Package installation requirements:
- Matplotlib (`matplotlib`): https://pypi.org/project/matplotlib/
- NumPy (`numpy`): https://pypi.org/project/numpy/
- SentinelHub (`sentinelhub`): https://pypi.org/project/sentinelhub/

***
## User Input
Define the key inputs for the module here:
1. Region of interest (ROI) by defining minimum/maximum decimal latitude/longitude.
2. Start and end time in the format: yyyy-mm-dd
3. Data output location.
4. Data access credentials.

### Spatial/Temporal Extent

In [None]:
# decimal latitude and longitude extents
# accra example
latmin = 5.4219
latmax = 5.5504
lonmin = -0.3547
lonmax = -0.1933

# start and end times in yyyy-mm-dd format
start_date = "2018-10-31" 
end_date = "2018-11-01"

### Data Output Location

In [None]:
# define output location for the generated .tiff
output_folder = ''
output_name = 'test' #output file name

### Define CDSE Credentials
The **client ID** and **client secret** must be defined here to allow acces to the CDSE database.
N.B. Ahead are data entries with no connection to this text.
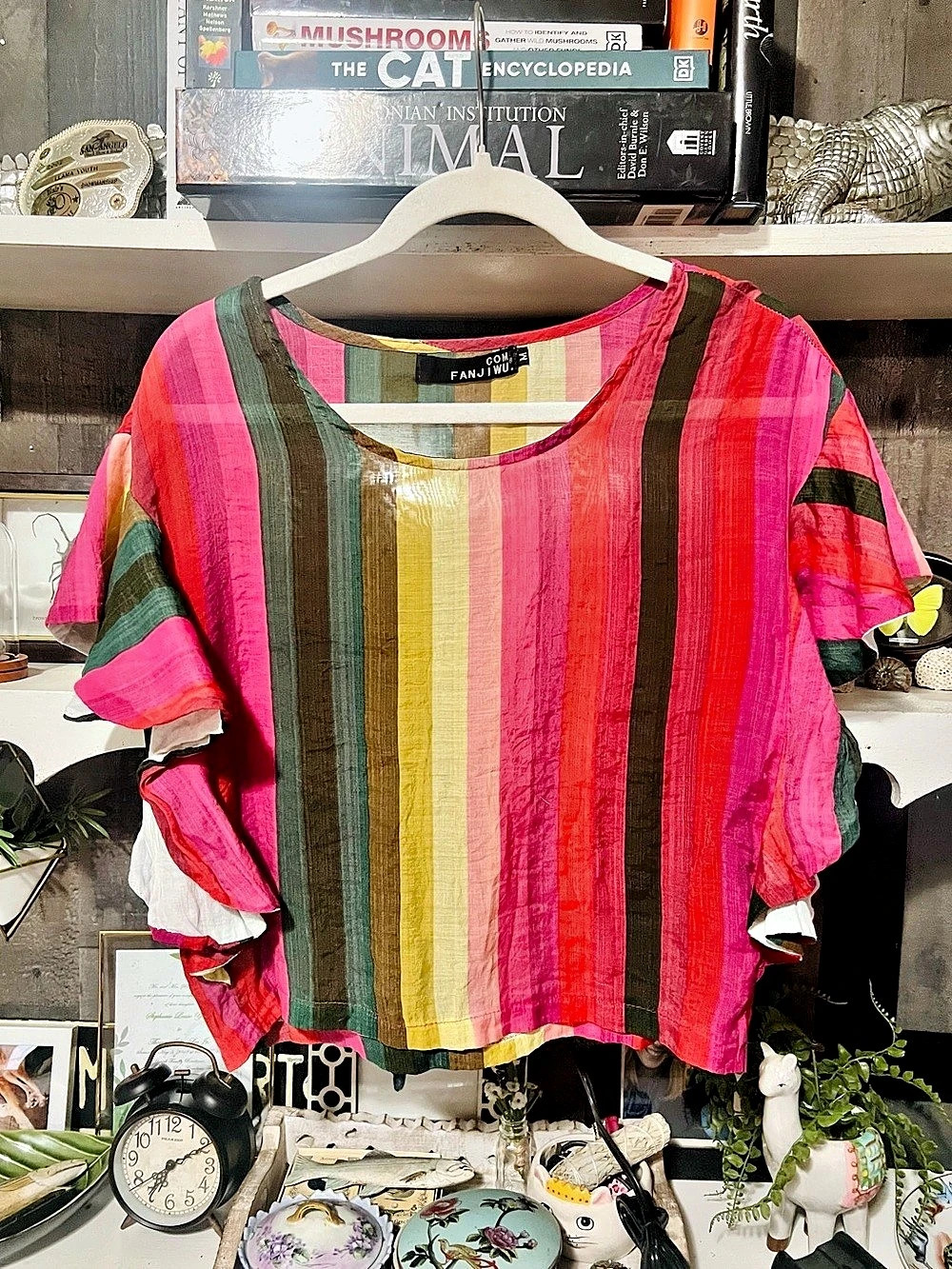 FANJIWU Rainbow Vertical Striped Flutter Sleeve Top Size Medium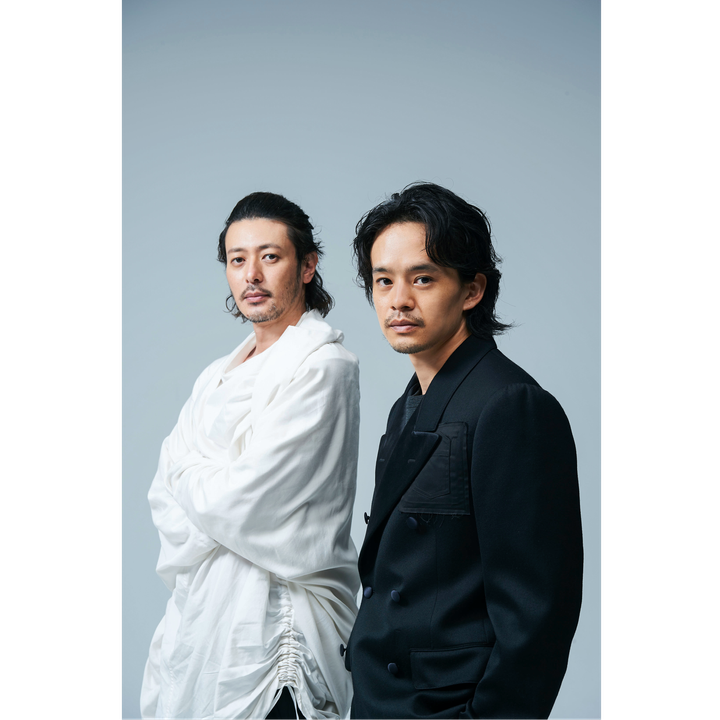 映画『アジアの天使』で共演したオダギリジョーさん（左）と池松壮亮さん（右）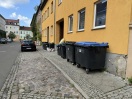 Foto: Abfallentsorgung auf dem Gehweg, Blockade vom Gehweg 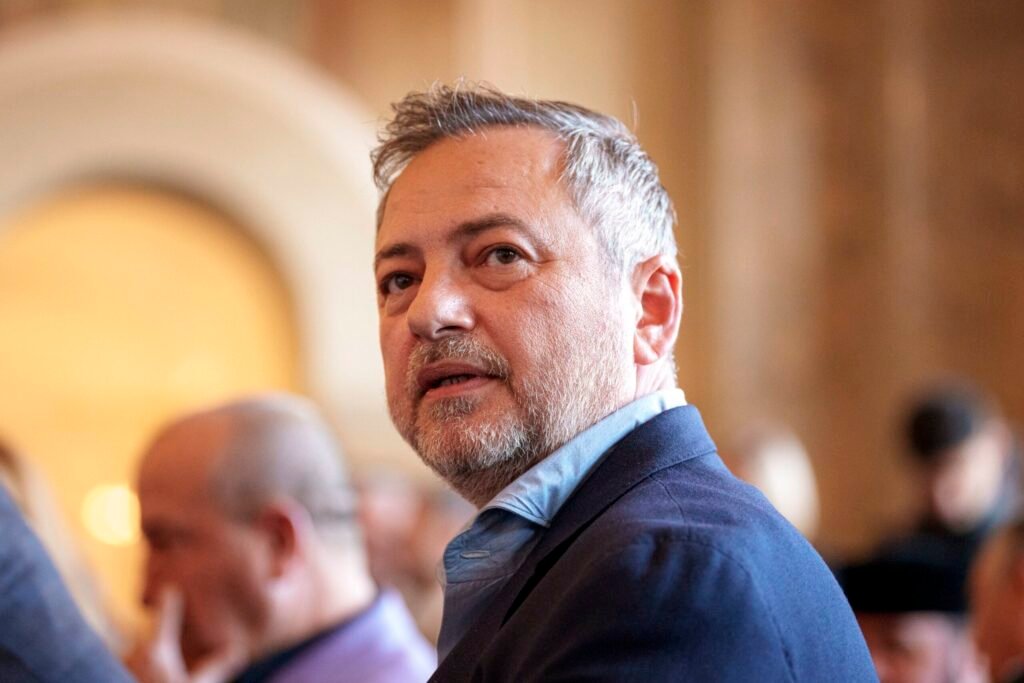 Semnarea unei moțiuni nu echivalează automat cu susținerea acesteia la vot. Inclusiv în interiorul PSD există opinii divergente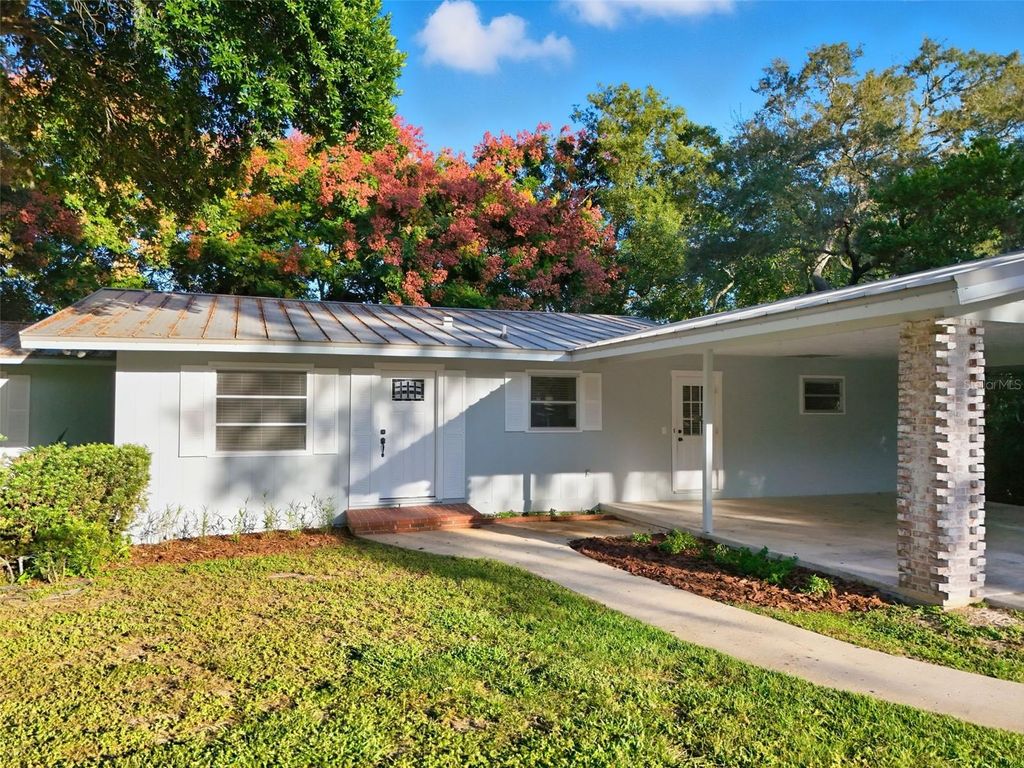 Photo of 1920 Normandy Drive, Mount Dora, FL 32757 (MLS # O6353432)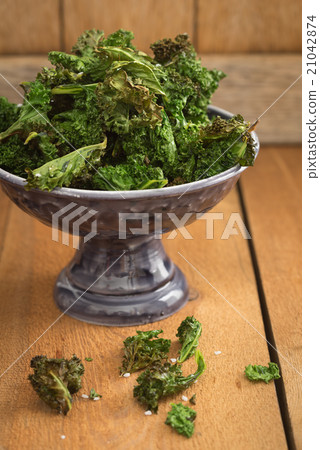 图库照片: kale chips with sea salt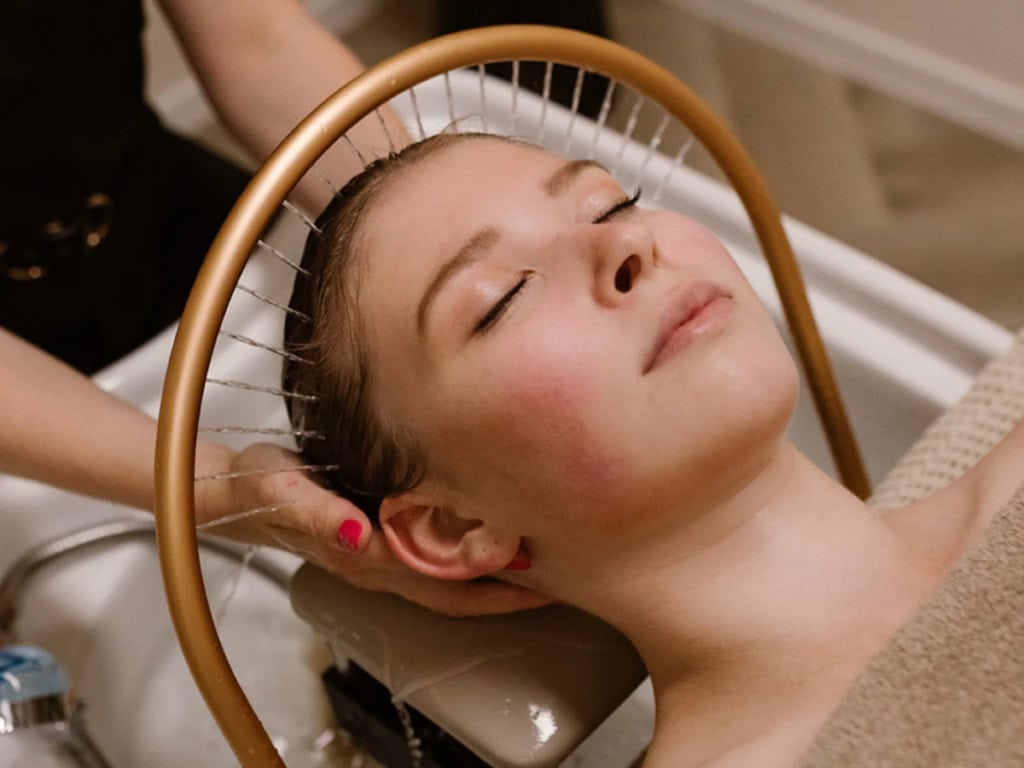 Woman head spa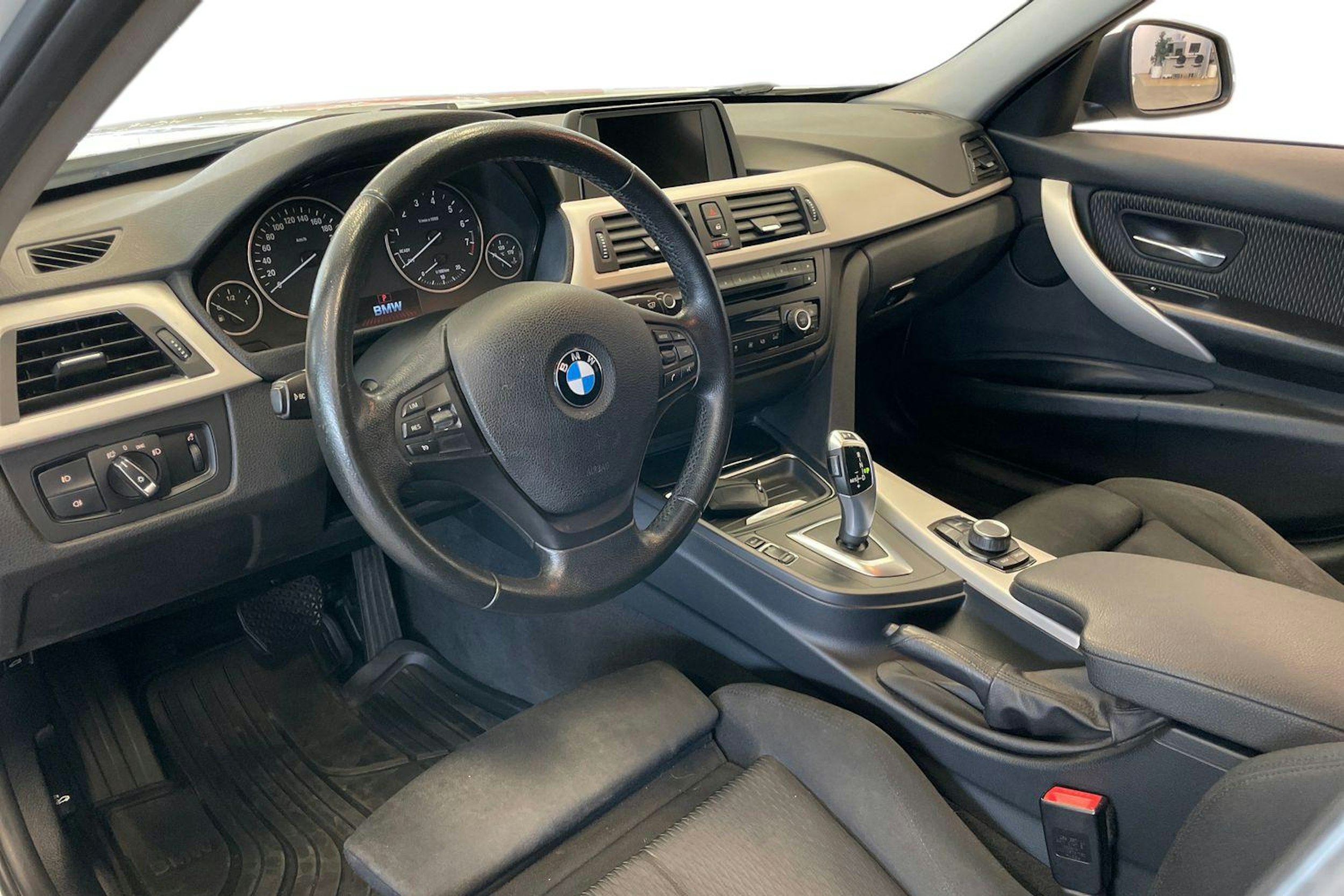 Valkoinen BMW 320 2015 kuva 7.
To do this, an OAuth client must be registered via the Sentinel Hub services dashboard (https://shapps.dataspace.copernicus.eu/dashboard/#/) to grant remote access to Copernicus. <br><br>For full instructions, visit: https://documentation.dataspace.copernicus.eu/APIs/SentinelHub/Overview/Authentication.html.
<br><br>
Provide the **client ID** and **client secret** as above. The **instance ID** is a string to describe the name of the authentication instance, which can be any relatively short string. The authentication profile can also be given a name to save for use later.

In [None]:
client_id = ''
client_secret = ''
instance_id = 'sentinelhub_cid'
profile_name = 'test-profile'

***

## Load Packages and Define Functions

In [None]:
from sentinelhub import WebFeatureService
from sentinelhub import (
    CRS, 
    BBox, 
    DataCollection, 
    SHConfig, 
    DownloadRequest,
    MimeType, 
    MosaickingOrder, 
    SentinelHubDownloadClient,
    SentinelHubRequest,
    bbox_to_dimensions
)
import matplotlib.pyplot as plt
import numpy as np
from typing import Any
import os

In [None]:
# define image plotting function to display acquired imagery (from https://sentinelhub-py.readthedocs.io/en/latest/index.html)
def plot_image(
    image: np.ndarray, factor: float = 1.0, clip_range: tuple[float, float] | None = None, **kwargs: Any
) -> None:
    _, ax = plt.subplots(nrows=1, ncols=1, figsize=(15, 15))
    if clip_range is not None:
        ax.imshow(np.clip(image * factor, *clip_range), **kwargs)
    else:
        ax.imshow(image * factor, **kwargs)
    ax.set_xticks([])
    ax.set_yticks([])

## Construct Config File

In [None]:
# define Copernicus Data Space Ecosystem (CDSE) profile
config = SHConfig()
config.sh_client_id = client_id
config.sh_client_secret = client_secret
config.sh_base_url = 'https://sh.dataspace.copernicus.eu'
config.sh_token_url = 'https://identity.dataspace.copernicus.eu/auth/realms/CDSE/protocol/openid-connect/token'
config.instance_id = instance_id
config.save(profile_name)

SHConfig.get_config_location()

print(config)

## Setup ROI and Time Range
The ROI is defined using a bounding box, providing min/max extent for latitude and longitude as in the **User Input** section for Module 1.

In [None]:
req_coords_wgs84 = (lonmin, latmin, lonmax, latmax)
resolution = 10
req_bbox = BBox(bbox=req_coords_wgs84, crs=CRS.WGS84)
req_size = bbox_to_dimensions(req_bbox, resolution=resolution)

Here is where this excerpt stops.